While Spain and other countries used distinctively flavoured woods, it was the Japanese who pioneered the fabrication of charcoal. Japan has an extensive history of charcoal making that dates back to the Jomon period, around 12,000 bc. The art of binchotan began 300 years ago, during the Edo period, when charcoal makers in the Kishu province of Japan used the local ubame oak to produce a charcoal of incredible purity. The same process continues today. With its purity and efficiency, using binchotan is about as advanced as cookery over fire has become.

In Argentina and throughout much of South America, cooking over fire is a celebration for the community more than anything else. Here they like building a large hardwood-fuelled fire and they use it to gather around as well as for cooking. They don't let the fire touch the meat but rather spread the coals around the meat to create a source of radiant heat that cooks things slowly; whole animals are often splayed on a cross and cooked this way.

Theirs is a big fire that brings families and communities together as a way to celebrate both their culture and the animal. They respect the animal by using all of it. They often put offal on the grill and use the offcuts to make sausages. The parilla (grill) can accommodate different heights, depending on the produce, and this helps control the heat.

In Brazil, and other nearby countries including Bolivia and Uruguay, the tradition is similar – but here the method of cooking is commonly referred to as churrasco. In Peru, food is cooked over charcoal, open flame, or by using stones heated over fire and then buried. This technique is known as pachamanca.

The many countries of Asia have deep traditions and a diverse range of techniques for cooking with fire, whether it be for street food or celebratory family banquets.

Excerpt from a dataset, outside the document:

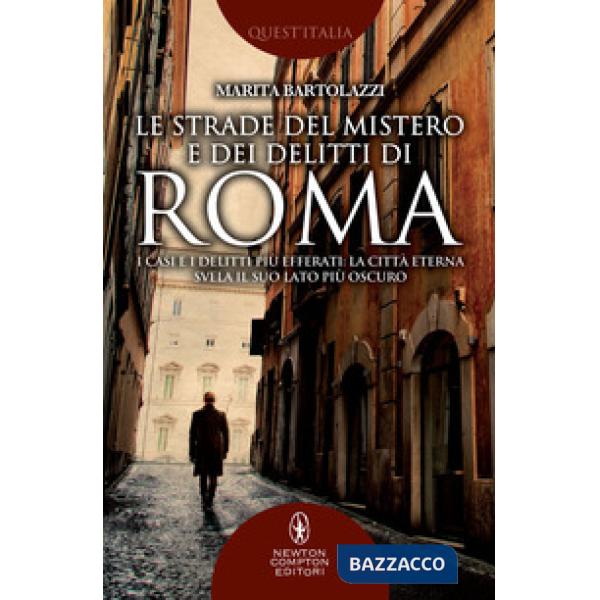 Strade del mistero e dei delitti di Roma. I casi e i delitti più efferati: la ci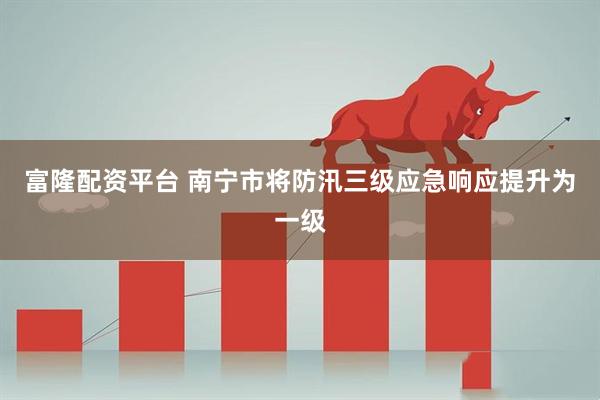 富隆配资平台 南宁市将防汛三级应急响应提升为一级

American barbecue focuses on the slow cooking of cheaper cuts, which also benefit from the application of smoke, spiced rubs and sauces. US barbecue at its most basic is the alchemy of wood, smoke and meat and cooking this way is very time consuming. You need to feed a small fire in an offset griller (smoker), which slowly feeds smoke through to flavour the meat. You don't need much wood to create the smoke, and often another heat source is used to actually do the cooking. It is a very rich style of cooking, with a flavour profile to match; the flavour of the smoke matches the richness of the ingredient. This form of barbecue has become ubiquitous in America and is now serviced by a large number of barbecue smokehouses.

Then there is Australia; when I arrived, I had limited knowledge of how fire is used here. It was difficult moving to Australia after living in a part of Spain where culture and food are everything. And yet, by not being bound by tradition, Australia possesses a unique freedom and an opportunity to carve its own cuisine, based on a wealth of native ingredients and its rich melting pot of cultures. On arriving, I had to take some time out to consider the ingredients and the wood to see just what was possible.

I started by looking to the earliest beginnings of fire in this country. Stretching back some 60,000 years, Indigenous Australian communities carry unique and ancient wisdom. They have survived largely because they learnt to harness fire, using it to hunt and to shape the landscape around them.

There are communities that still live according to these ancient traditions. Take the Martu people, for example. They are the traditional owners of much of Central Western Australia and still practise old methods of catching and then cooking their food, relying on fire to do so. Living this way is a part of who they are and is vital to their existence. Their traditional method of building a fire is incredible – carrying their fire with them wherever they go, keeping it in slow-burning banksia cones so they always have it at the ready.

We talk about Australia being a new country and in some respects it is; but in others, it is ancient. We would be foolish not to embrace how the people of this culture understand their land, its ingredients and the way to cook them. Nobody knows and appreciates Australia like the Indigenous community, who listen to its very heart beating and who use their treasured fire to its utmost potential.